Si les bibliothèques et les services d’archives publiques conservent des fonds patrimoniaux généralement bien distincts, leurs collections iconographiques, notamment cartographiques, sont bien souvent de nature comparable et complémentaire.

Quels que soient leur provenance et leur lieu de conservation, cartes et plans partagent en effet des caractéristiques communes et suscitent des questions similaires auprès des bibliothécaires et des archivistes : identification et catalogage, conservation et communication.

Identifier et cataloguer

Tout à la fois pièce écrite et document figuré, tantôt œuvre éditée tantôt manuscrit unique, feuille isolée ou ouvrage relié en atlas, la carte ou le plan a longtemps été exclu des priorités de catalogage [Direction des Archives de France et Bibliothèque nationale ont retenu depuis longtemps des définitions communes de la carte et du plan : les cartes sont des images réduites et aplanies d’une partie relativement étendue de la surface terrestre jusqu’à l’échelle d’1/20 000e (jusqu’à d’1/5000e pour l’IGN) ; les plans figurent une surface relativement exiguë (c’est une carte à grande échelle)]. Les professionnels ont buté devant les difficultés de catégorisation, mais aussi de méthodologie : les documents concernés doivent être décrits pièce par pièce, parfois même à plusieurs niveaux (dans le cas des séries) et comporter des informations supplémentaires par rapport aux livres et aux archives (données « mathématiques » : échelle, coordonnées géographiques, système de projection, représentation du relief).

Sous l’Ancien Régime, les documents cartographiques ont fait l’objet de regroupements relativement tardifs, notamment dans le cadre des institutions royales : dépôt du ministère de la Guerre (1688) et de la Marine (1720).

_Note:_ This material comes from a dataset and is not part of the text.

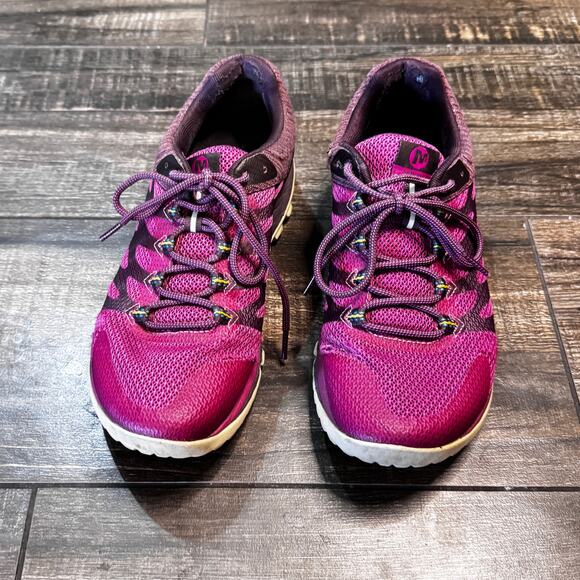 Merrell Womens Antora 2 Trail Running Shoe Fuchsia J067284 - Picture 1 of 7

Ce n’est qu’au XIXe siècle que les services d’archives et les grandes bibliothèques ont lentement constitué des rassemblements artificiels de ces documents disparates et diversifiés. Issus du département des Estampes et de celui des Imprimés, les documents cartographiques de la bibliothèque royale sont réunis dans le nouveau département des Cartes et Plans créé en 1828 ; et ce n’est qu’en 1854 que les Archives nationales constituent leurs séries N et NN à partir des quelques 100 000 plans conservés dans les dossiers des différents fonds de leurs dépôts.

Ces regroupements matériels, appliqués également dans de nombreux services d’archives et bibliothèques de province répondaient principalement à des considérations de conservation, mais ne distinguaient pas les documents spécifiquement cartographiques par rapport aux autres documents de même format, tels les plans d’architecture.

De fait, la description et le catalogage de ces pièces ont souvent été différés, le rangement matériel ou la cotation géographique tenant lieu parfois d’inventaire.

« Protéger, c’est d’abord connaître », dit l’auteur du catalogue des cartes et plans des Archives de la Moselle, l’un des tout premiers du genre, paru en 1931. D’autres services d’archives figurent également parmi les pionniers de ces catalogues : Pyrénées-Atlantiques en 1975, Yonne en 1982. La mise en valeur de ces collections, sous forme d’exposition accompagnée de catalogue, s’est développée à partir de la fin des années 1970 : Bibliothèque nationale en 1979, Centre Georges-Pompidou en 1980, Archives nationales en 1987, archives et bibliothèques de Franche-Comté en 1995 [A la découverte de la terre. Dix siècles de cartographie. Trésors du département des cartes et plans, Paris, 1979.Exposition tenue à la Bibliothèque nationale, 1979 ; Cartes et figures de la terre, Centre Georges Pompidou, 1980 ; Espace français. Vision et aménagement, XVIe-XIXe siècle, Archives nationales, 1987 ; L’espace comtois par la cartographie du XVIe au XVIIIe siècle, Besançon, 1995].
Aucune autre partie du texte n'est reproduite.